*** RECORDS TO USE

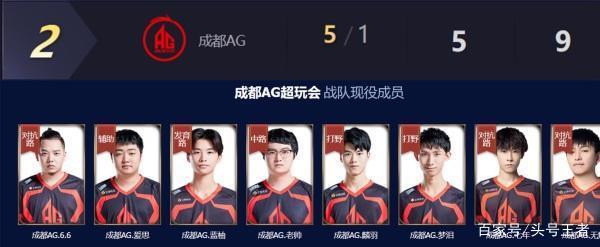 人才打造梦 人才打造梦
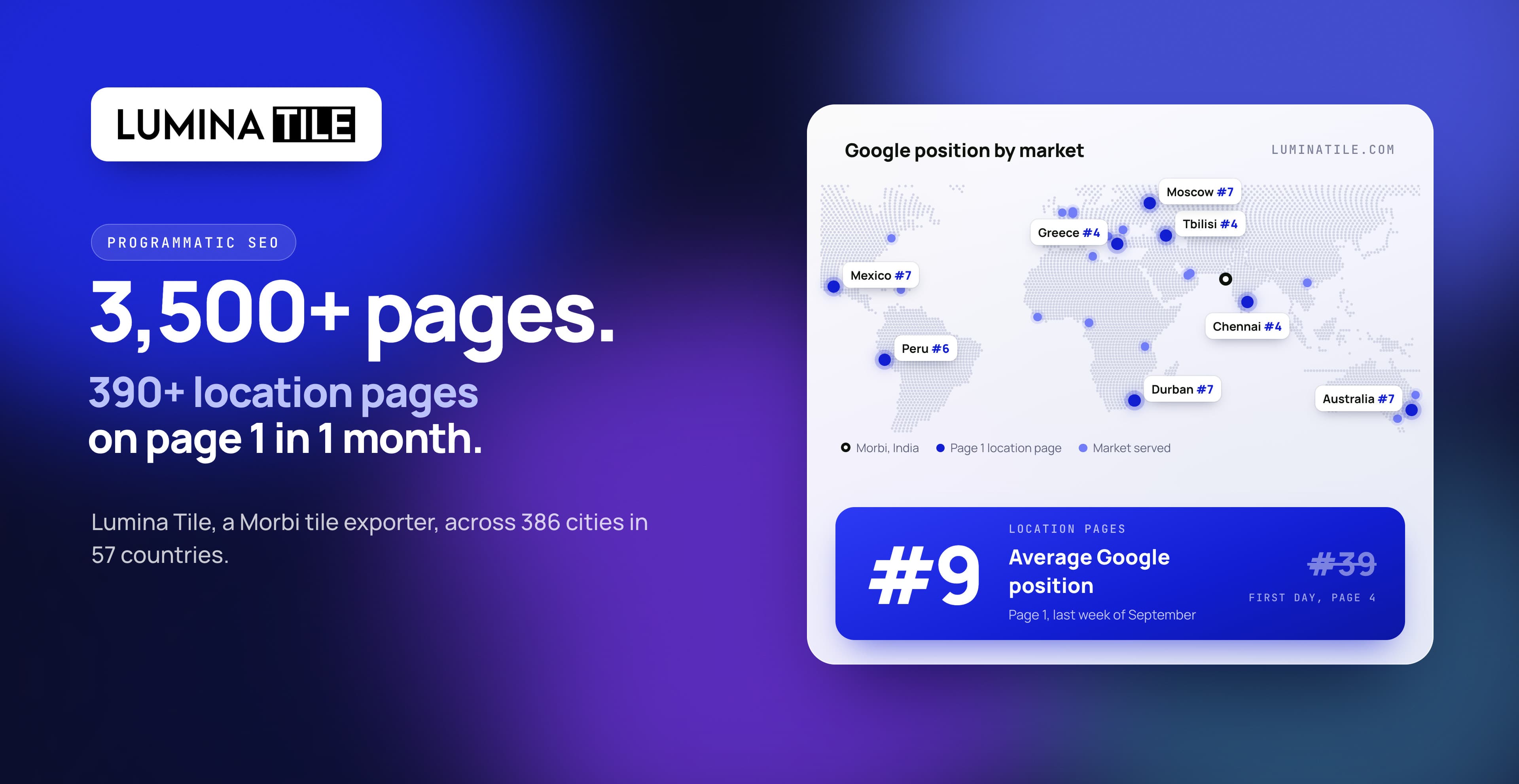 3,500+ pages, 390+ location pages on page 1 of Google in 1 month: programmatic SEO for a tile exporter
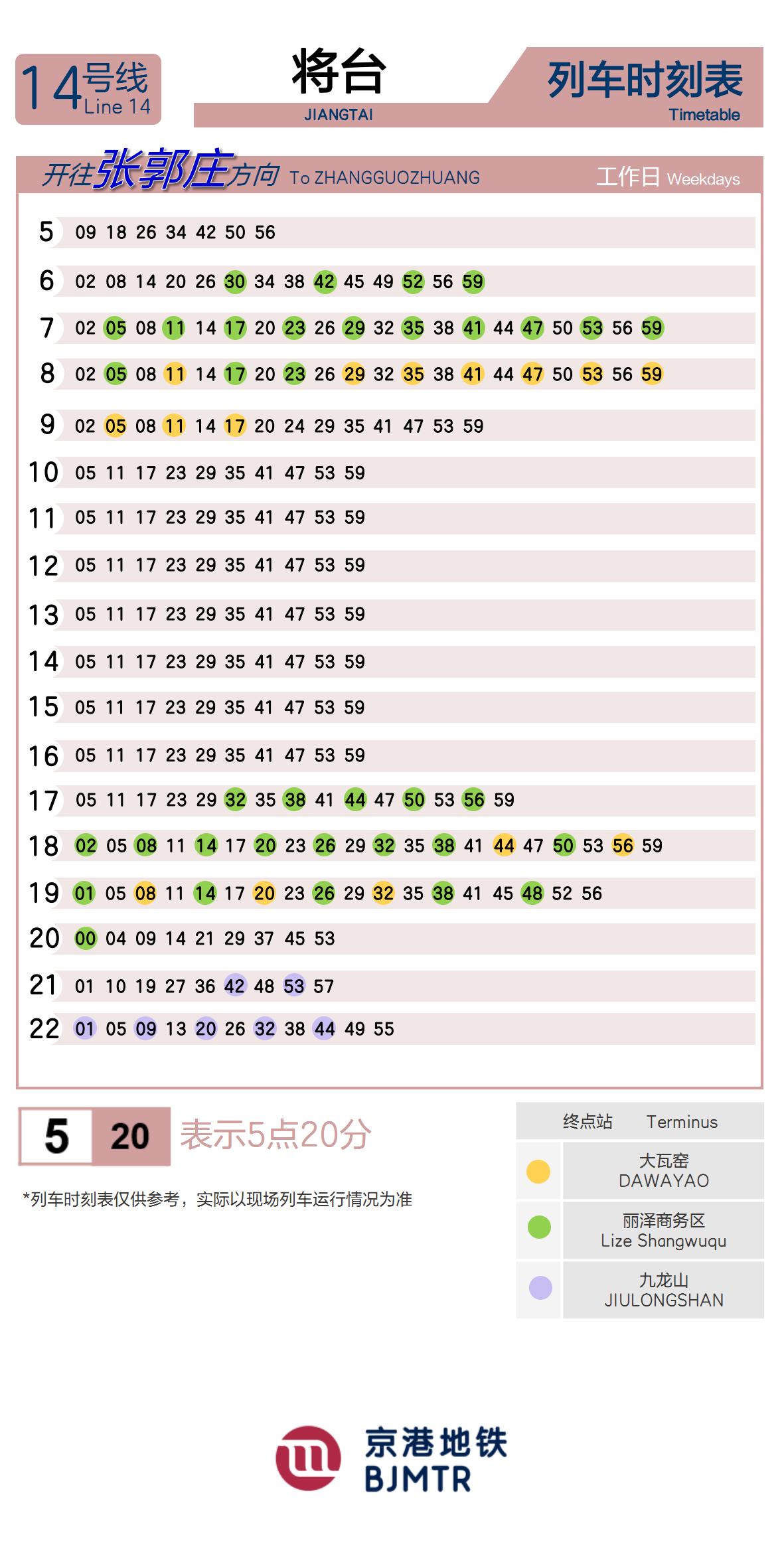 Line 14Jiangtai时刻表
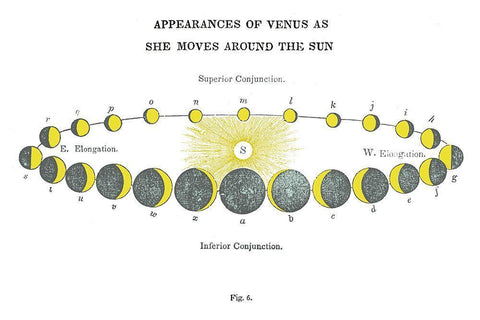 Solar Venus Chart Bright Black Ornate Wood Framed Art Print with Double Matting by Wild Apple Portfolio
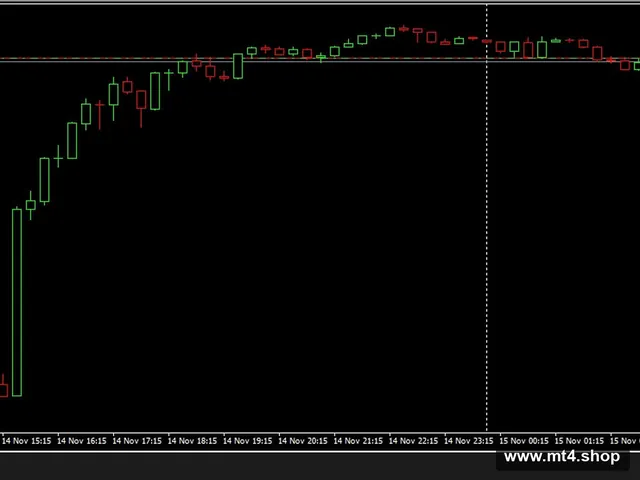 MT4 Hedge Scalper EA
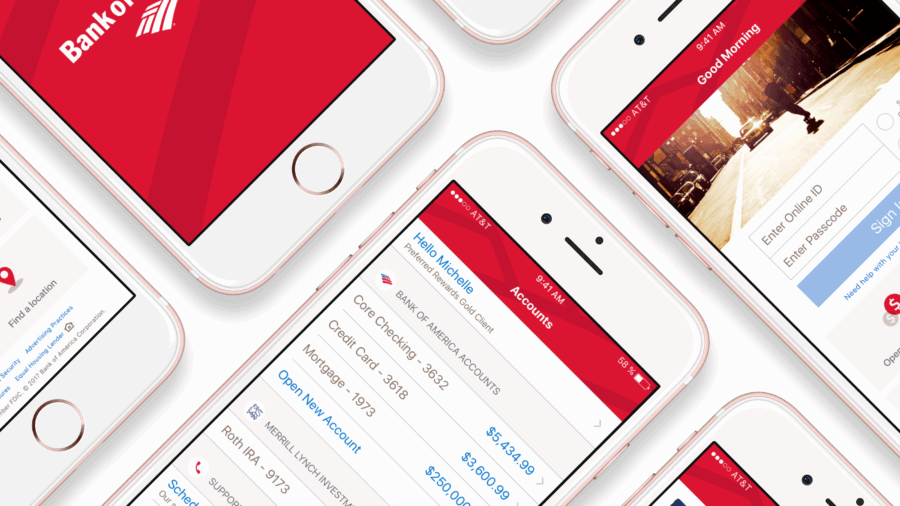 Discover the Ideal Credit Card for Your Lifestyle and Financial Goals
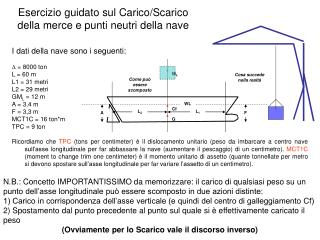 Esercizio guidato sul Carico/Scarico della merce e punti neutri della nave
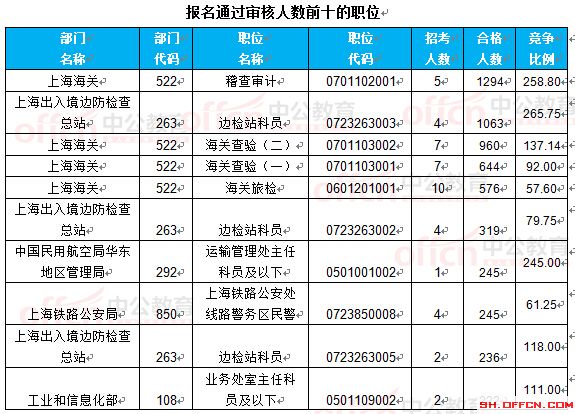 截至22日8時(shí)：2017國(guó)考報(bào)名上海16623人過(guò)審 最熱職位265.75:1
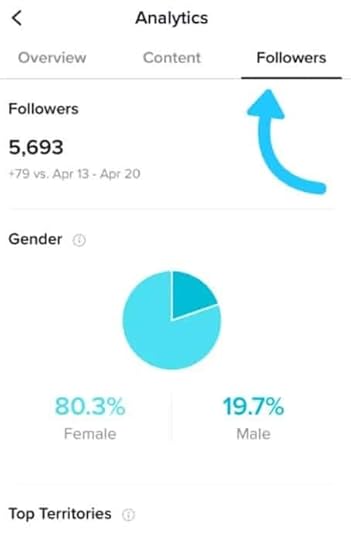 TikTok Algorithm: time to post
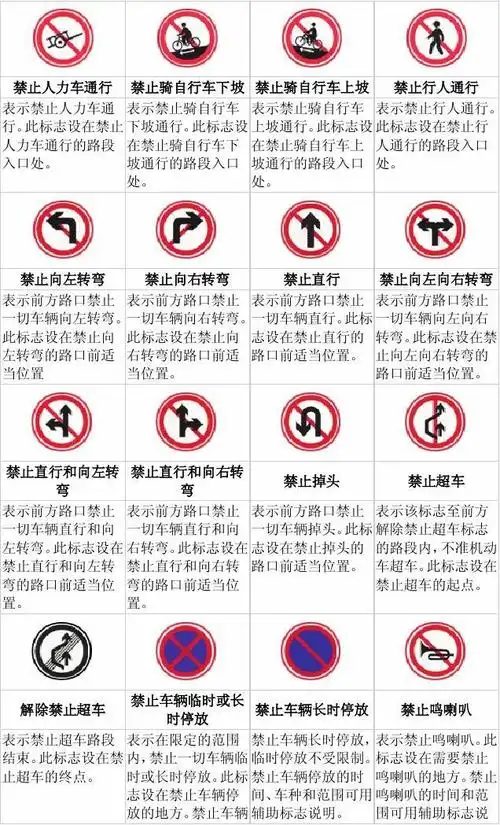 交通标志图片图解大全22页
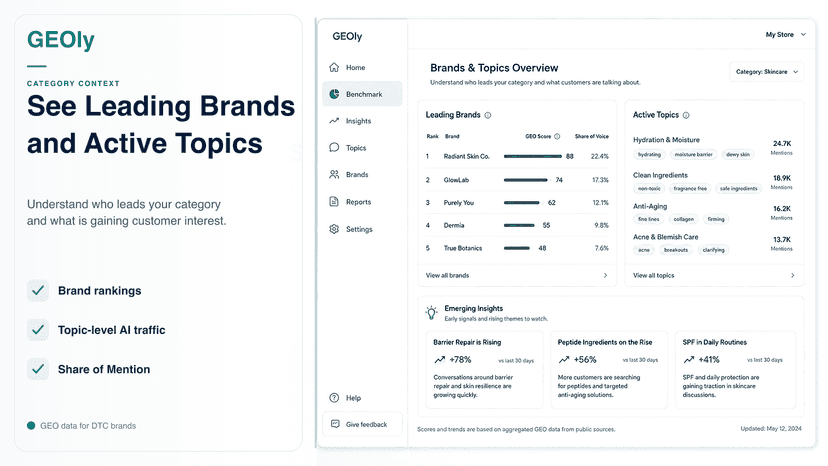 leading brands and active topics overview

******

### [INSTRUCTIONS FOR THE TASK]
Taking the entries above, copy word for word the lines from the one with "3,500+ pages, 390+" up to and including the one with "Esercizio guidato sul", without any picture.

### [ANSWER TO THIS EXERCISE]
 3,500+ pages, 390+ location pages on page 1 of Google in 1 month: programmatic SEO for a tile exporter
 Line 14Jiangtai时刻表
 Solar Venus Chart Bright Black Ornate Wood Framed Art Print with Double Matting by Wild Apple Portfolio
 MT4 Hedge Scalper EA
 Discover the Ideal Credit Card for Your Lifestyle and Financial Goals
 Esercizio guidato sul Carico/Scarico della merce e punti neutri della nave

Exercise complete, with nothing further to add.